Don't just rely on explicit feedback like thumbs up/down. Soft signals are powerful evaluation inputs. A user repeatedly re-generating an answer, quickly abandoning a session, or escalating to human support are strong indicators that your AI is failing, even if they don't explicitly say so.
When deploying AI tools, especially in sales, users exhibit no patience for mistakes. While a human making an error receives coaching and a second chance, an AI's single failure can cause users to abandon the tool permanently due to a complete loss of trust.
Don't treat evals as a mere checklist. Instead, use them as a creative tool to discover opportunities. A well-designed eval can reveal that a product is underperforming for a specific user segment, pointing directly to areas for high-impact improvement that a simple "vibe check" would miss.

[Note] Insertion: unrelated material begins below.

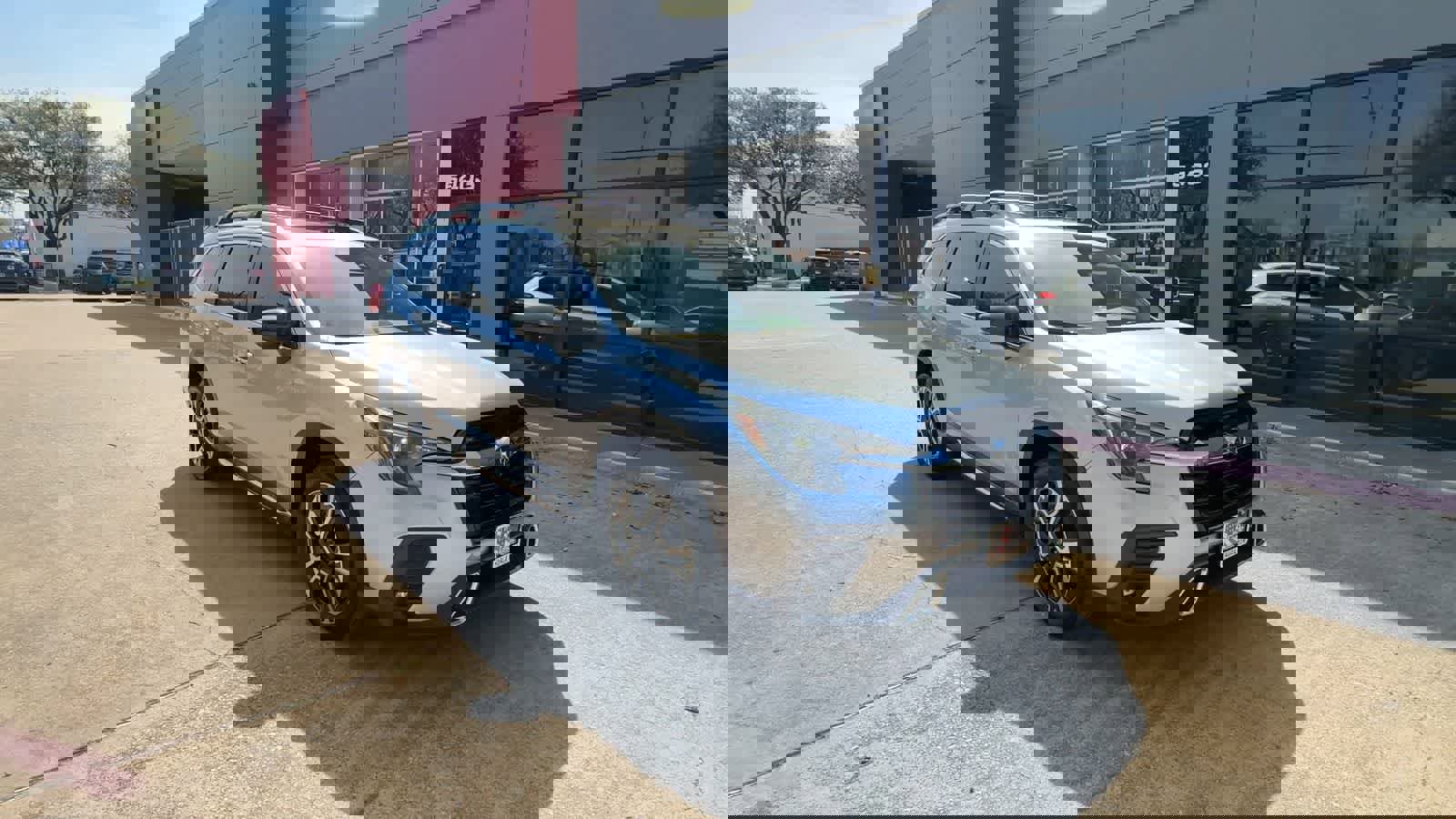 Used 2025 Subaru Ascent Touring w/ Popular Package #2 image 2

AI models are trained to be agreeable, often providing uselessly positive feedback. To get real insights, you must explicitly prompt them to be rigorous and critical. Use phrases like "my standards of excellence are very high and you won't hurt my feelings" to bypass their people-pleasing nature.
Generic evaluation metrics like "helpfulness" or "conciseness" are vague and untrustworthy. A better approach is to first perform manual error analysis to find recurring problems (e.g., "tour scheduling failures"). Then, build specific, targeted evaluations (evals) that directly measure the frequency of these concrete issues, making metrics meaningful.
Users mistakenly evaluate AI tools based on the quality of the first output. However, since 90% of the work is iterative, the superior tool is the one that handles a high volume of refinement prompts most effectively, not the one with the best initial result.
Counterintuitively, AI responses that are too fast can be perceived as low-quality or pre-scripted, harming user trust. There is a sweet spot for response time; a slight, human-like delay can signal that the AI is actually "thinking" and generating a considered answer.
A key metric for AI coding agent performance is real-time sentiment analysis of user prompts. By measuring whether users say 'fantastic job' or 'this is not what I wanted,' teams get an immediate signal of the agent's comprehension and effectiveness, which is more telling than lagging indicators like bug counts.
When an AI tool fails, a common user mistake is to get stuck in a 'doom loop' by repeatedly using negative, low-context prompts like 'it's not working.' This is counterproductive. A better approach is to use a specific command or prompt that forces the AI to reflect and reset its approach.
Standard AI models are often overly supportive. To get genuine, valuable feedback, explicitly instruct your AI to act as a critical thought partner. Use prompts like "push back on things" and "feel free to challenge me" to break the AI's default agreeableness and turn it into a true sparring partner.
While useful for catching regressions like a unit test, directly optimizing for an eval benchmark is misleading. Evals are, by definition, a lagging proxy for the real-world user experience. Over-optimizing for a metric can lead to gaming it and degrading the actual product.